Never be scared of using words like dick, penis, cock, vagina or pussy - if you sound embarrassed by what you're writing then the reader will cringe away. But don’t go too far down the metaphor rabbit-hole. Don’t go into levels of ‘her glistening axe-wound’ or ‘his rock-hard fireman's pole’. I would steer away from words like length, too - when describing a penis. Some people don’t mind it, but, for myself and a lot of people I know, it feels unnecessarily Victorian. We know you’re talking about a cock; if you can’t use the word in the privacy of your own head, then why are you writing a story about sex?

In short: Don’t be shy.

Don’t write anything that’s beyond imagining or needs the people involved to be full-on contortionists to pull off, and don’t be shy about experimenting. Keep writing, and read erotica before, after and during your writing. The more you get used to how others use the language around sex, the more you'll find what you do and do not like.

See the end of this piece for a list of words to use and avoid.

Dirty Talk

Don’t be afraid to include dirty talk within your writing. People do say things during sex, after all. The difference between good dirty talk and bad dirty talk is whether or not it's appropriate for the setting.
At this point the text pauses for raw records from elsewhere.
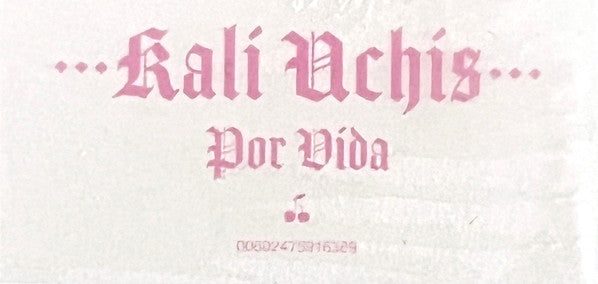 Kali Uchis – Por Vida (NUEVO, SELLADO) BOXV52
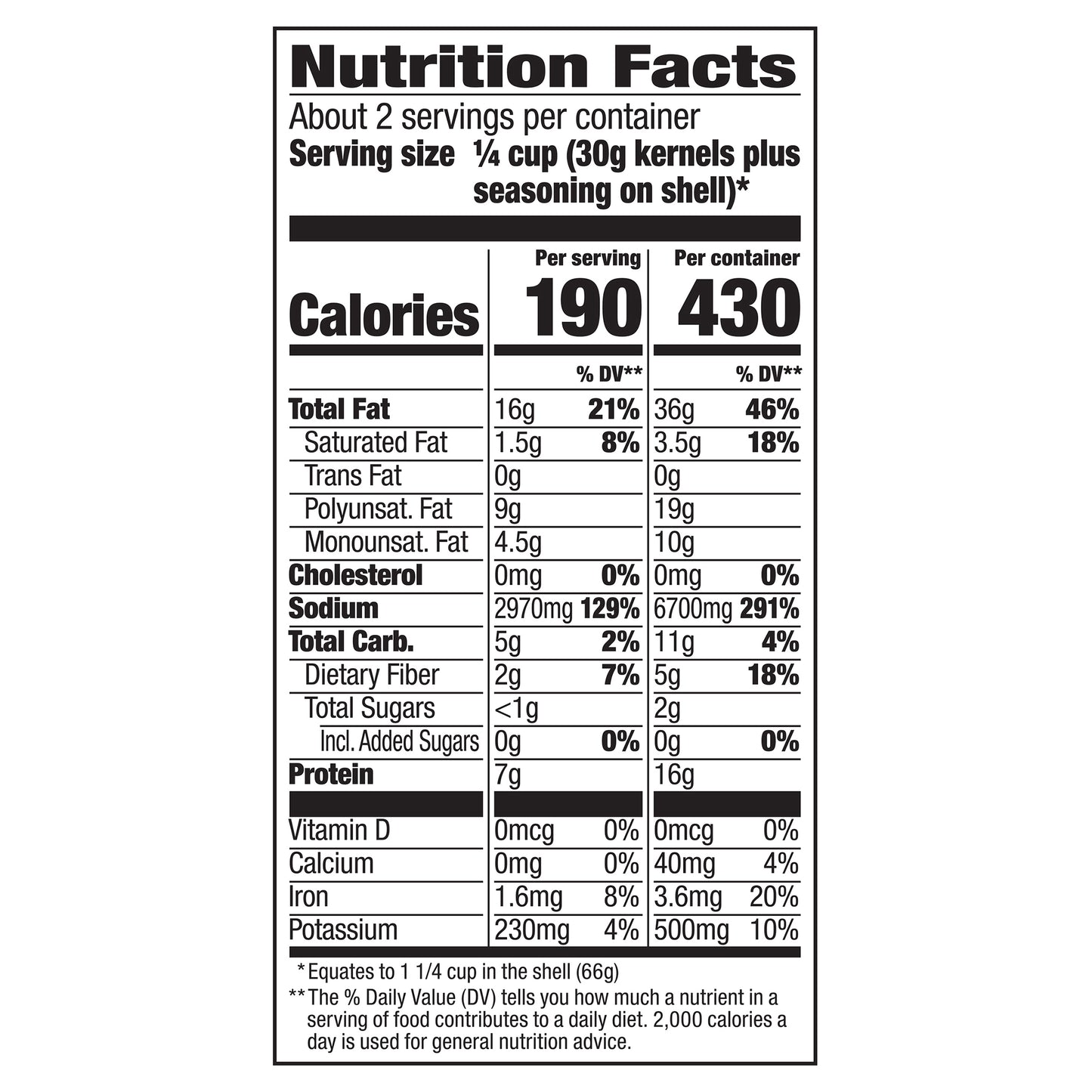 DAVID Seeds Ranch Flavored Salted and Roasted Jumbo Sunflower Seeds, Keto Friendly Snack, 5.25 OZ Bag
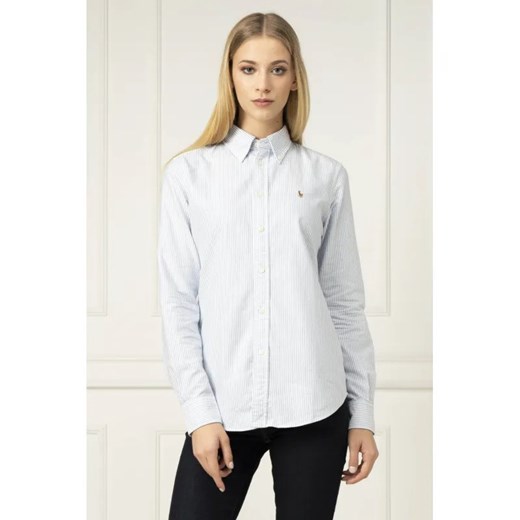 POLO RALPH LAUREN Koszula Harper | Regular Fit ze sklepu Gomez Fashion Store w kategorii Koszule damskie - zdjęcie 184333533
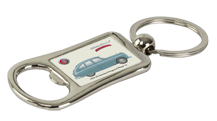 Standard Vanguard Phase 1a 1953-55 (blue) Bottle Opener Keyring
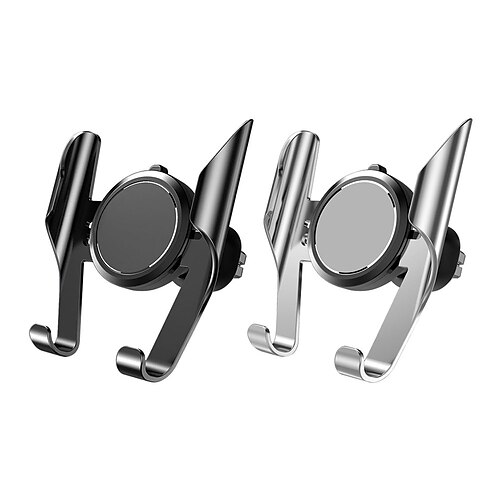 

Car Phone Holder Handsfree Mobile Phone Car Mount Car Air Outlet Universal Navigation Bracket For Smartphone Stand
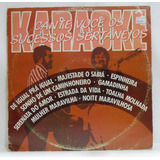 Lp Karaoke - Cante Você Os Sucessos Sertanejos 1986 Phon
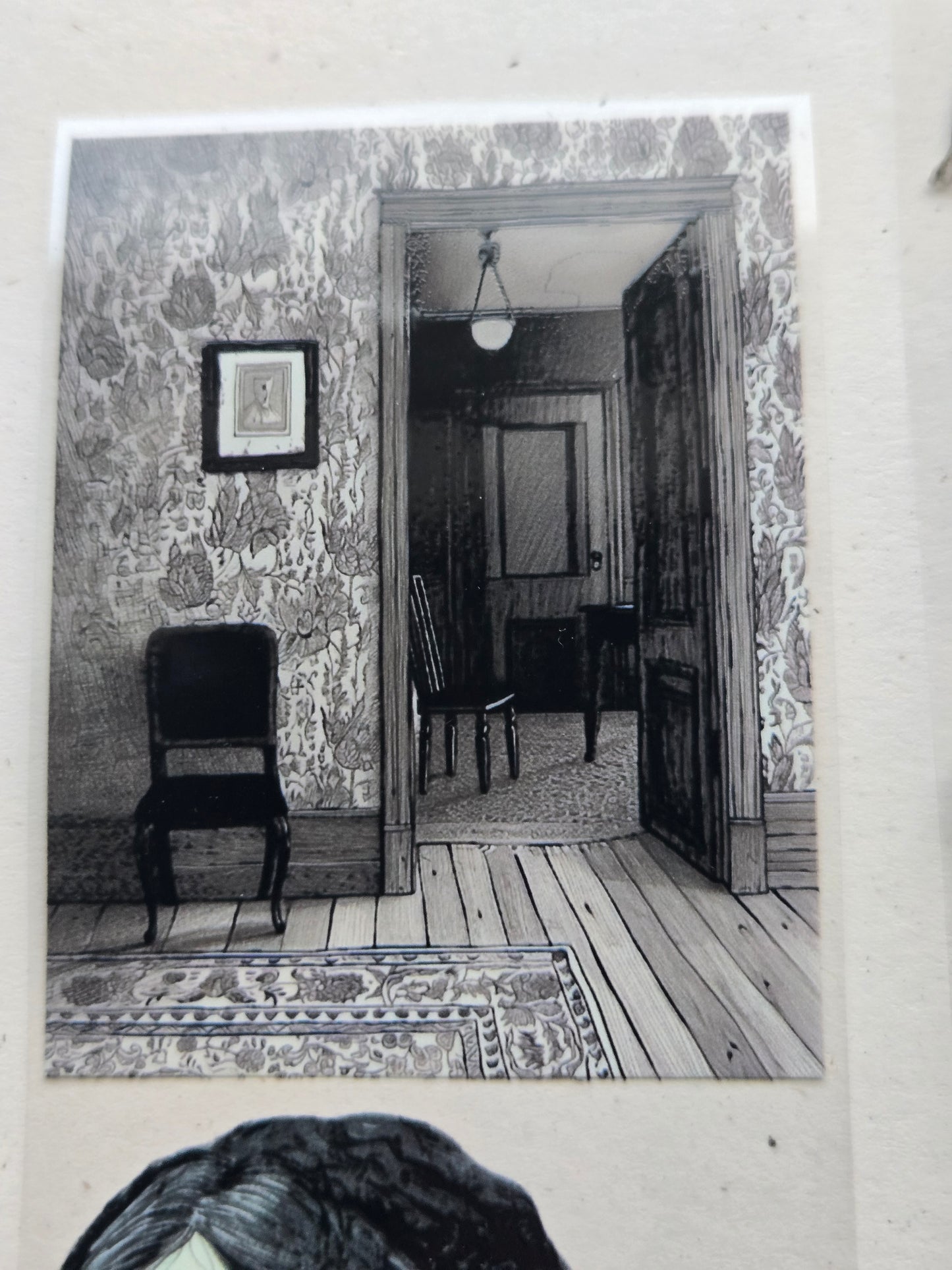 Gothic Manor Story PET Tape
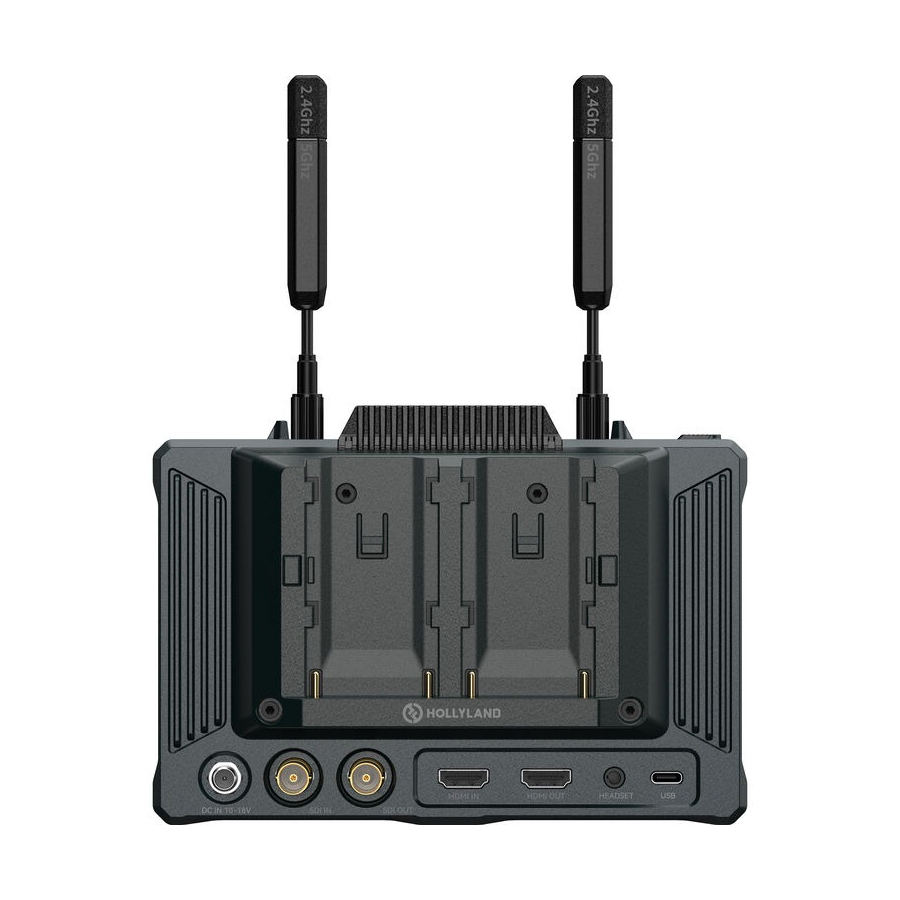 홀리랜드 Pyro 7 Dual Kit 무선 송수신 모니터 듀얼 키트 이미지 6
For example, if a character gets off by being talked at in a derisive way, then don’t step back from it. What your characters say and what you think are two very different things.

If you've set your character up as a hot-headed, domineering play-boy, then you can't have him stumbling his way through sex as if it's his first time.
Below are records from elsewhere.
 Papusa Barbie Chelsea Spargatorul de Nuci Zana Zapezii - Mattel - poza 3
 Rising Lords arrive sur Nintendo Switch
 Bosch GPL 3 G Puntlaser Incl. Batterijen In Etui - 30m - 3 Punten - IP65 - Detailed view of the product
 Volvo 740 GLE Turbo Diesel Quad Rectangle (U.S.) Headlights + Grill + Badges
I have a character who really gets turned on by talking 'down' to his partners when he’s fucking them. That's his thing. He was brought up in a homophobic setting and so has learned all sorts of 'bad' words through the years. They pour out of him when he’s fucking and when he found his totally-not-boyfriend - a power bottom with a huge chip on his shoulder - he let it all come out.

He says things like, “Oh, you fucking love my hard cock in your ass, don’t you, you fucking man-whore. You filthy fucking faggot. I know you want me to pound you until you can’t move. You know what? I think I’ll destroy your ass and leave you lying here on the street for anyone to use after I'm done with you.”
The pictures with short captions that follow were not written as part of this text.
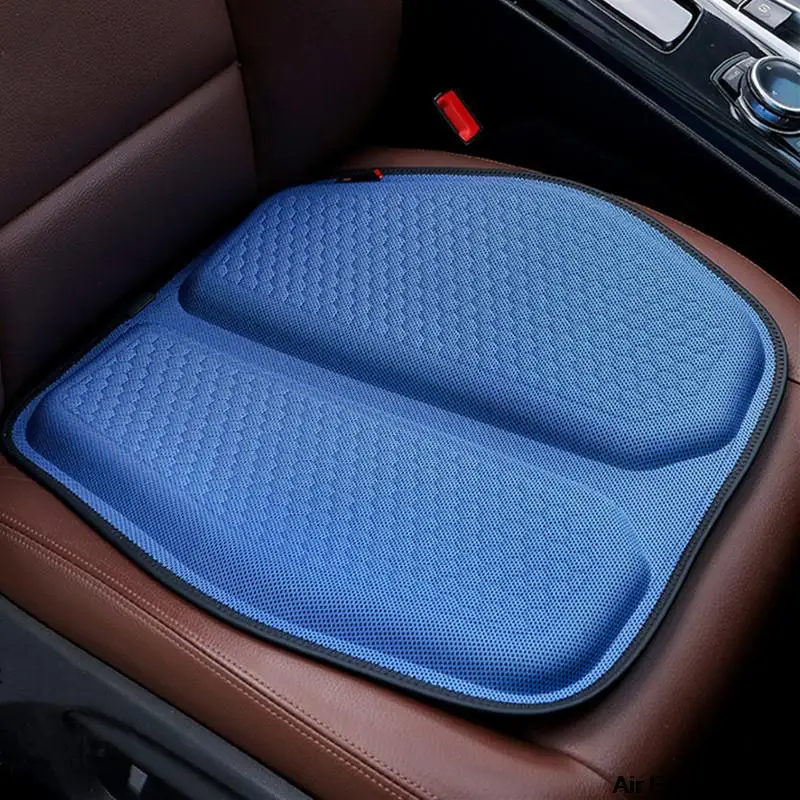 

Дышащая гелевая Подушка для автомобильного сиденья, универсальный силиконовый нескользящий коврик для сиденья, снимает сидячий стресс, офисное кресло, автомобильные аксессуары, Новинка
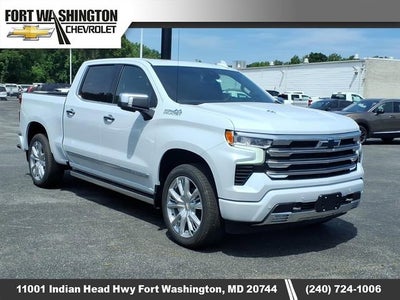 2026 Chevrolet Silverado 1500 High Country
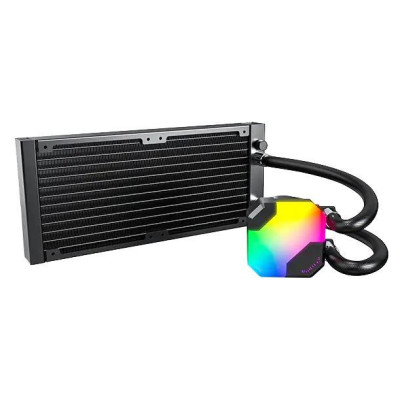 Montech CPU COOLER MULTI SOCKET BLACK/HYPERFLOW ARGB 240 (B) MONTECH
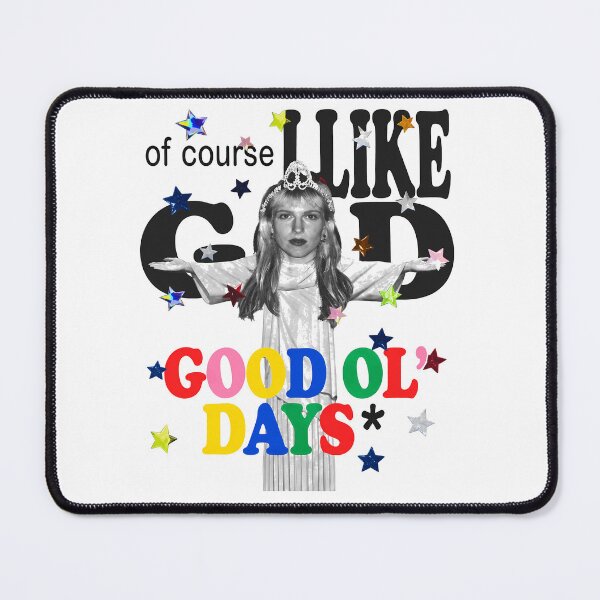 Item preview, Of Course I Like God Good Ol Days designed and sold by Exerohuhic.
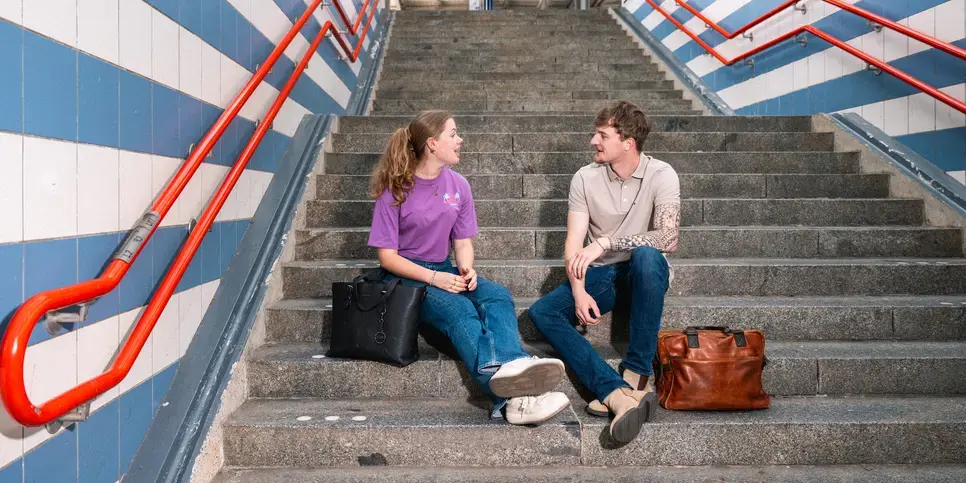 Zitten Trap Gesprek Zuyd Hogeschool Sittard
The character he’s talking to loves it, but they both know it’s just talk. It's the idea of being used and abused that the character loves, but they both understand that it's just talk. They care deeply for each other and for them, it’s all part of the ‘scene’.

Personally, I’d never talk like that to anyone in my life, but David would. The key to keeping the scene together and helping your readers to remain emersed is telegraphing how each character feels about what's going on. Use thoughts, moans and even come-backs to let the reader know how everyone's feeling and what sort of reaction the words are getting.

Most of all...

Don’t be afraid that people will think your characters are you.

This also leads to my next point.

Write what you know.

And by that, I don’t mean that you have to go out and fuck the world. I mean read...a lot.

If you don’t know how gay men or women fuck and you have a scene of that nature coming up, then...research it. Watch some porn and read some good erotica. You can find a lot for free and you’ll soon be able to tell the people who have done the work and those who haven’t.

Bodies aren't something to be ashamed of, but not everyone knows everything about them. One of the classical differences that you'll come across between men and women in the bedroom, is that people understand that women can have a lot more orgasms than the average man. But, did you know that men can have multiple orgasms too? Most people don't, but it's true. If you don’t believe me, google prostate massage.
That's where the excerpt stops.